In a recent California Court of Appeals decision, Avery v. Integrated Healthcare, Inc. (7/23/13) the 4th Appellate District, Division 3 affirmed a trial Court ruling denying defendant's motion to compel arbitration.
The rationale from their ruling stemmed from the fact that “[Defendant] Integrated failed to establish Plaintiff agreed to the specific arbitration agreement Integrated submitted to the trial court.” Therefore, in the agreement sought to be enforced, there was no evidence that the plaintiff had actually agreed to it.
The Court emphasized that “Arbitration is therefore, a matter of contract.” As such, the Court opined that a trial Court's first task when presented with a petition to compel arbitration is to determine if, in fact, an arbitration agreement exists.
The Court's opinion addressed two factual issues that are relevant to various disputes. One, the Court addressed the timing or agreements in concluding that where there are one or more arbitration agreements, the last agreement does not dominate the field and retroactively cover all disputes.

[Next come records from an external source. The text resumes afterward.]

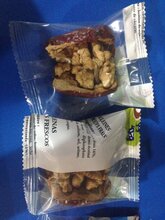 大枣夹核桃包装机快速自动制袋套袋封切图片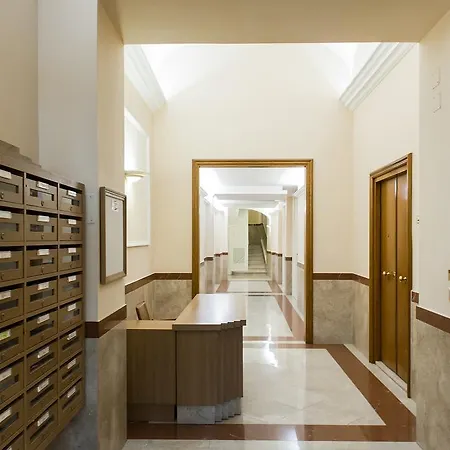Maison Boncompagni * Rome
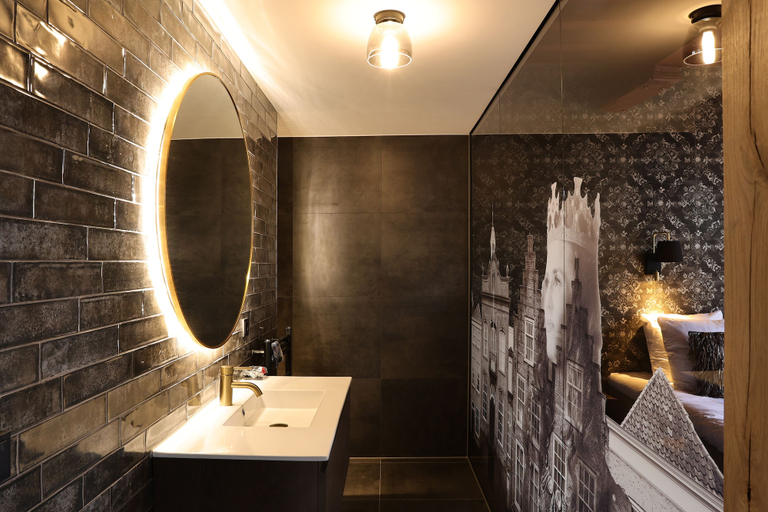 Bathroom 3, Stadshotel Geertruidenberg, Geertruidenberg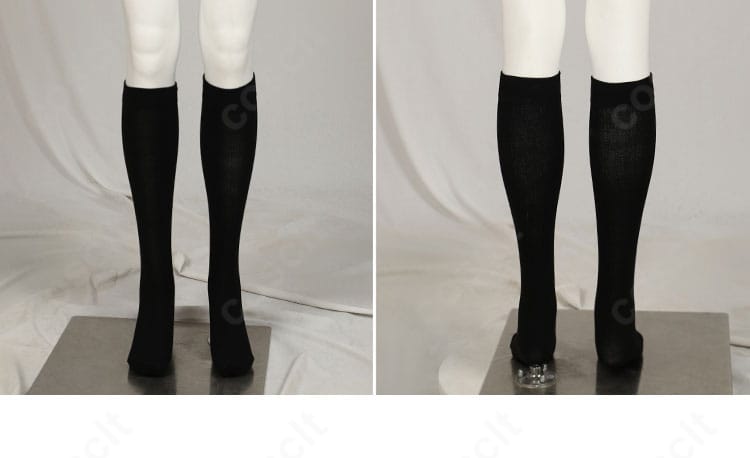 新井素羽コスプレ衣装の靴下(ストッキング)ディテール。生地感と発色を示すクローズアップ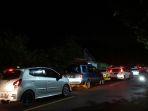 sejumlah-kendaraan-wisatawan-terjebak-macet-saat-pulang-lewat-jalur-anyer.jpg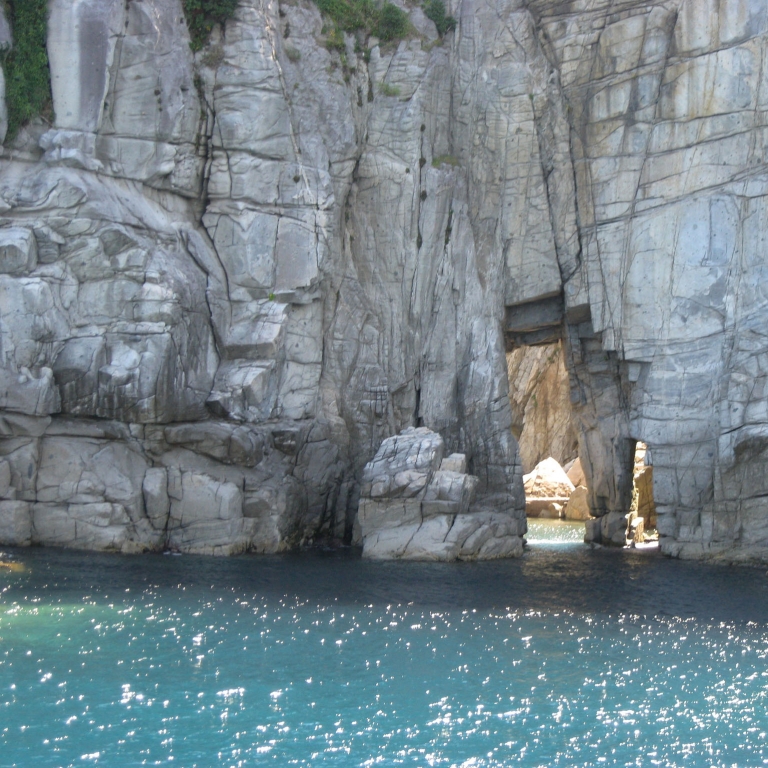 Морские пещеры Сотомо; Фукуи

Rather, an arbitration agreement cannot apply to claims that occurred prior to its existence.
This is very important today where numerous employers are rolling out new arbitration agreements. To the extent a defendant has an arbitration agreement that is less than four (4) years old, Averyshould prove useful in undermining the agreement for the time period prior to its signature.
The second issue the Court addressed is much more fact intensive. The plaintiff in Avery failed to sign an acknowledgement of the employee handbook. The employer could not establish that the plaintiff had received or was aware of defendant's arbitration policy. While the Court did not rule out the possibility of an implied agreement if defendant could show that plaintiff was aware of the policy, here the facts presented no meeting of the minds and therefore no agreement was formed.
Thus, Avery could prove useful if the agreement is not explicit in what the parties are agreeing upon or if acknowledgment forms don't make clear what agreement applies. Contract formation may be one of the only defenses to arbitration that won't be obliterated by the FAA so cases like Avery can be very useful in the right setting.